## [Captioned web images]
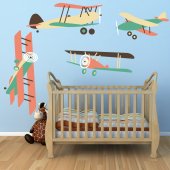 Kit Vinilo decorativo infantil 4 aviones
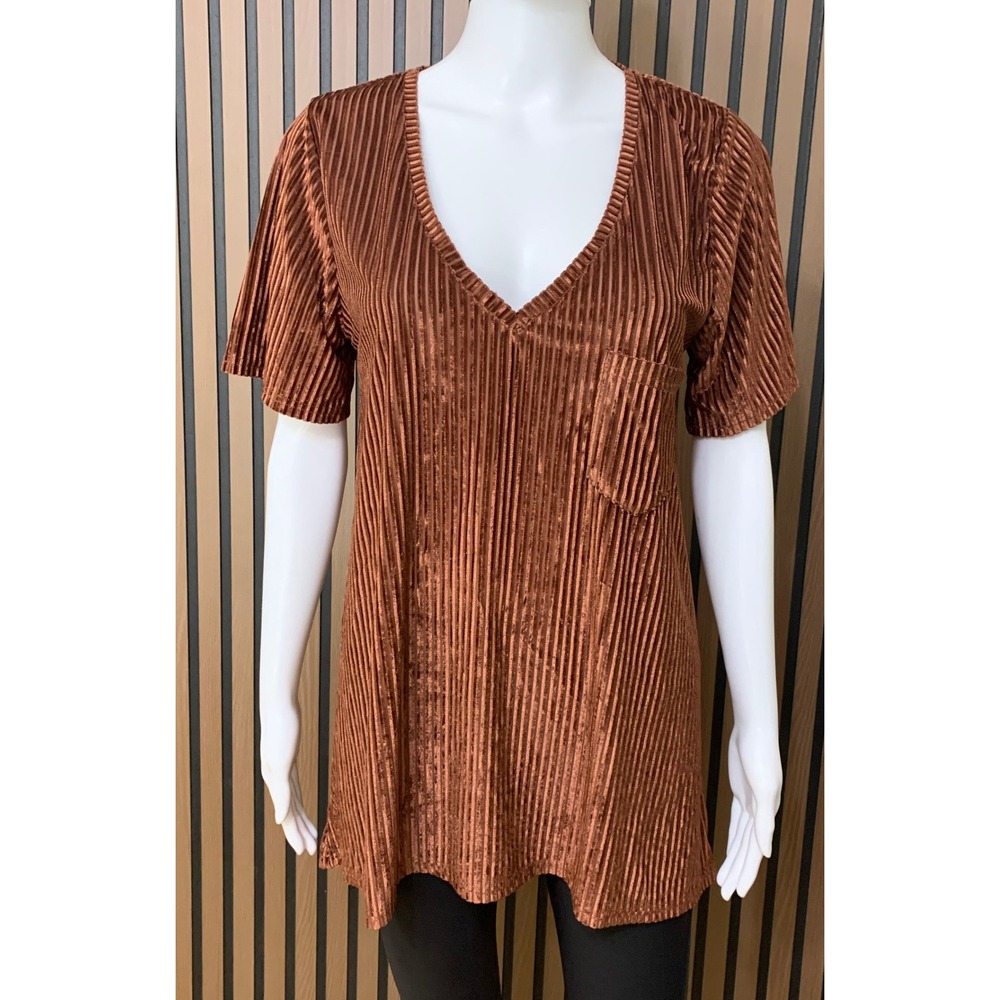 POL Women's Clothing Rust Brown Pleated Velvet V-Neck Tunic Top Men's M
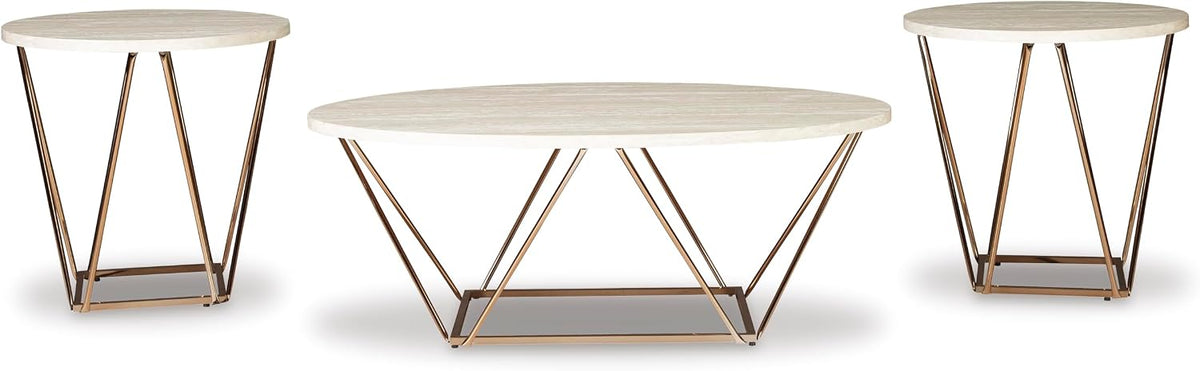 GTU Furniture Contemporary Faux Marble Rectangular 3-Piece Coffee Table Set, Cocktail Table with 2 Matching End Tables, Two-Tone Finish for Living Room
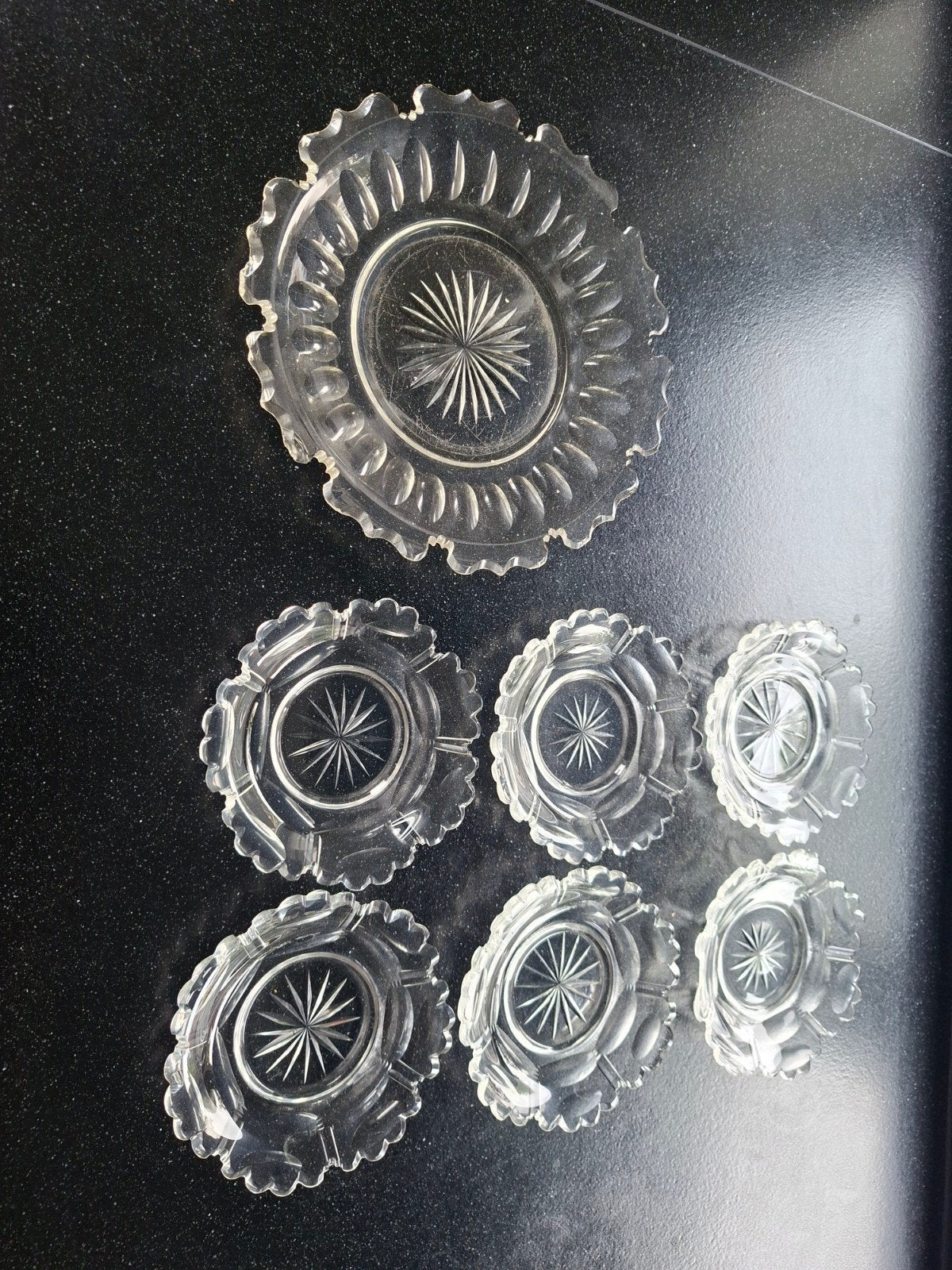 Set van 6 vintage glazen schaaltjes en een schaal, Ophalen of Verzenden
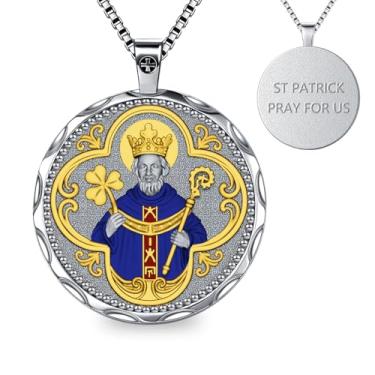 Imagem de OigvcoTe Colar de medalha de São Patrício, banhado a cobre, ouro real platina, pingente de santo padroeiro católico, tema religioso, comprimento da corrente de 60 cm, 44 Millimeters, Metal, Zircônia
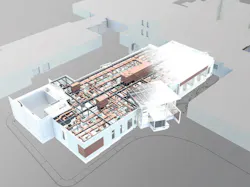 The new Marlborough (Mass.) Hospital Cancer Pavilion is connected to the existing hospital by a CMU shear wall that contains gro The new Marlborough (Mass.) Hospital Cancer Pavilion is connected to the existing hospital by a CMU shear wall that contains gro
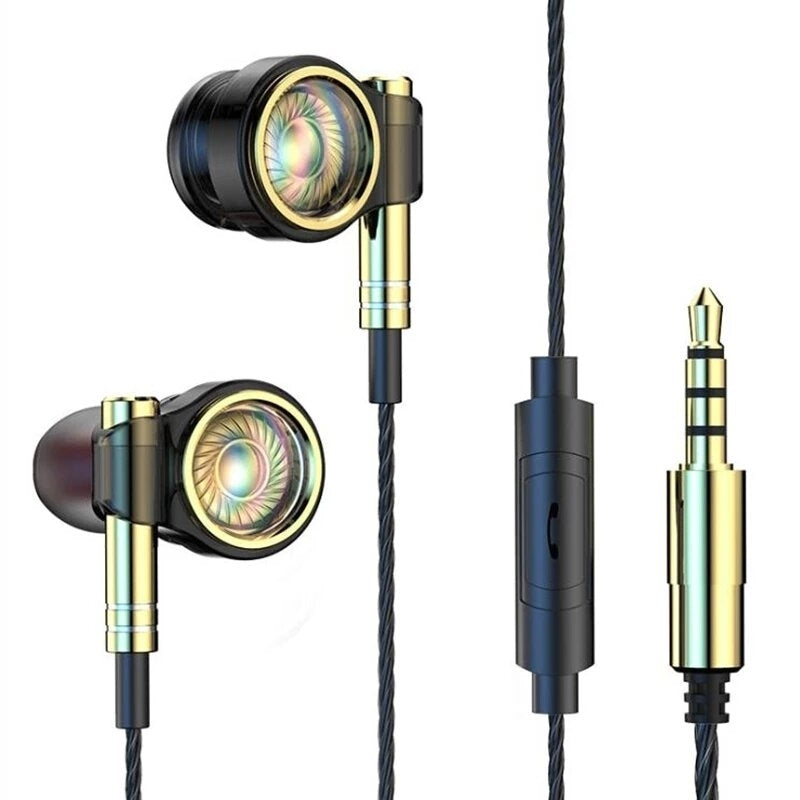 Super Bass Headset 6D Noise Cancelling Earphone Subwoofer Earpiece Hi-Fi Stereo Music Earbuds Wired with Wheat Phone Image 1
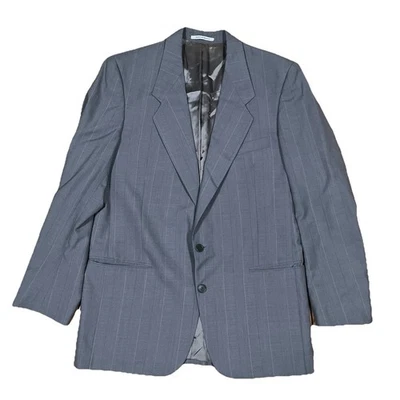 Blazer Vintage YSL Yves Saint Laurent Gris Rayas Años 80 Dos Botones Hecho en Francia Foto 1 de 4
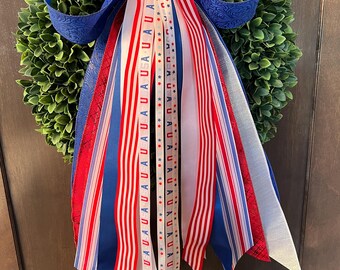 Patriotic stripes ribbon set (wreath not included)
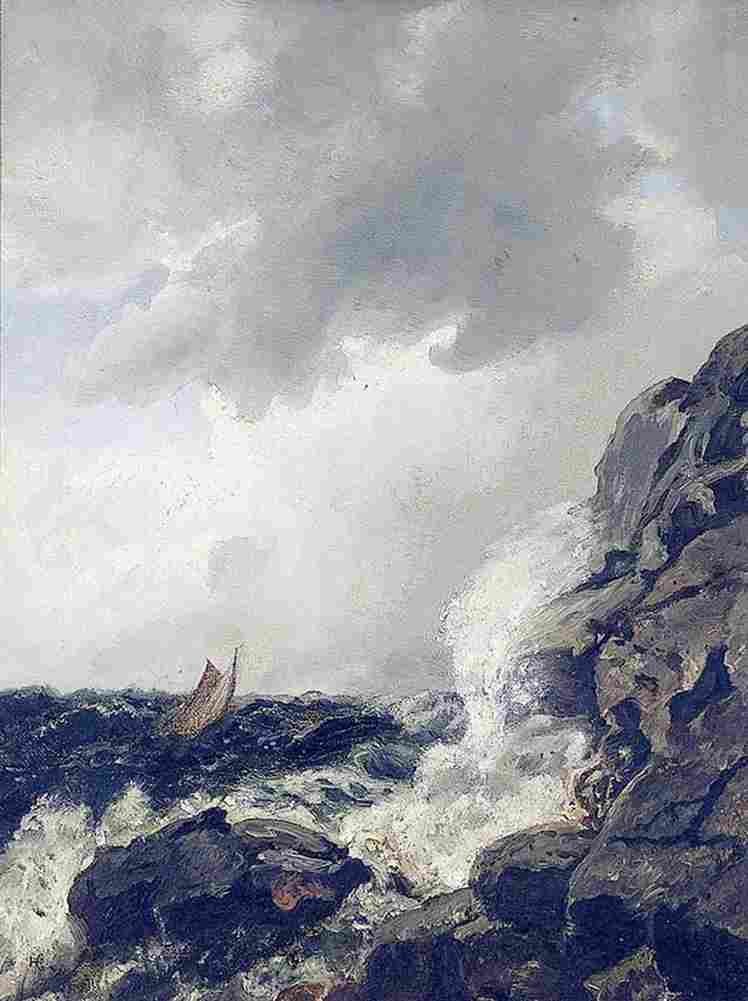 gude Costal Landscape with Boat Art A4 Photo Print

## [Work order]
Each line above is to be copied verbatim. Drop any image from the copy.

## [Response to the task]
 Kit Vinilo decorativo infantil 4 aviones
 POL Women's Clothing Rust Brown Pleated Velvet V-Neck Tunic Top Men's M
 GTU Furniture Contemporary Faux Marble Rectangular 3-Piece Coffee Table Set, Cocktail Table with 2 Matching End Tables, Two-Tone Finish for Living Room
 Set van 6 vintage glazen schaaltjes en een schaal, Ophalen of Verzenden
 Imagem de OigvcoTe Colar de medalha de São Patrício, banhado a cobre, ouro real platina, pingente de santo padroeiro católico, tema religioso, comprimento da corrente de 60 cm, 44 Millimeters, Metal, Zircônia
 The new Marlborough (Mass.) Hospital Cancer Pavilion is connected to the existing hospital by a CMU shear wall that contains gro The new Marlborough (Mass.) Hospital Cancer Pavilion is connected to the existing hospital by a CMU shear wall that contains gro
 Super Bass Headset 6D Noise Cancelling Earphone Subwoofer Earpiece Hi-Fi Stereo Music Earbuds Wired with Wheat Phone Image 1
 Blazer Vintage YSL Yves Saint Laurent Gris Rayas Años 80 Dos Botones Hecho en Francia Foto 1 de 4
 Patriotic stripes ribbon set (wreath not included)
 gude Costal Landscape with Boat Art A4 Photo Print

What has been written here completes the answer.